You can use Docker Compose to easily run WordPress in an isolated environment built with Docker containers. This quick-start guide demonstrates how to use Compose to set up and run WordPress. Before starting, you'll need to have Compose installed.
Create an empty project directory.
You can name the directory something easy for you to remember. This directory is the context for your application image. The directory should only contain resources to build that image.
This project directory will contain a docker-compose.yaml file which will be complete in itself for a good starter wordpress project.
Change directories into your project directory.
For example, if you named your directory my_wordpress:
$ cd my-wordpress/
Create a docker-compose.yml file that will start your Wordpress blog and a separate MySQL instance with a volume mount for data persistence:
version: '2'
services:
db:
image: mysql:5.7
volumes:
- "./.data/db:/var/lib/mysql"
restart: always
environment:
MYSQL_ROOT_PASSWORD: wordpress
MYSQL_DATABASE: wordpress
MYSQL_USER: wordpress
MYSQL_PASSWORD: wordpress
wordpress:
depends_on:
- db
image: wordpress:latest
links:
- db
ports:
- "8000:80"
restart: always
environment:
WORDPRESS_DB_HOST: db:3306
WORDPRESS_DB_PASSWORD: wordpress
NOTE: The folder ./.data/db will be automatically created in the project directory
alongside the docker-compose.yml which will persist any updates made by wordpress to the
database.
Now, run docker-compose up -d from your project directory. This will pull the needed images, and then start the wordpress and database containers.
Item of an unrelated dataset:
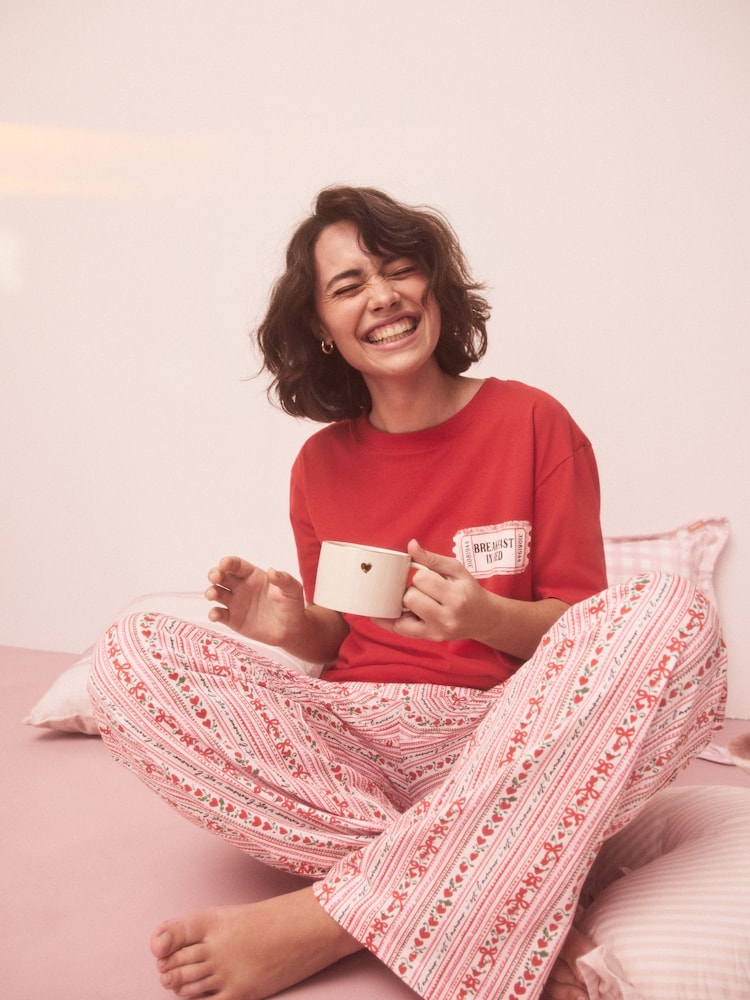 Red Graphic Short Sleeve Pyjamas - Image 1 of 12 Red Graphic Short Sleeve Pyjamas - Image 1 of 12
If you're using Docker Machine, then docker-machine ip MACHINE_VM gives you the machine address and you can open http://MACHINE_VM_IP:8000 in a browser.
At this point, WordPress should be running on port 8000 of your Docker Host, and you can complete the "famous five-minute installation" as a WordPress administrator.
NOTE: The Wordpress site will not be immediately available on port 8000 because
the containers are still being initialized and may take a couple of minutes before the
first load.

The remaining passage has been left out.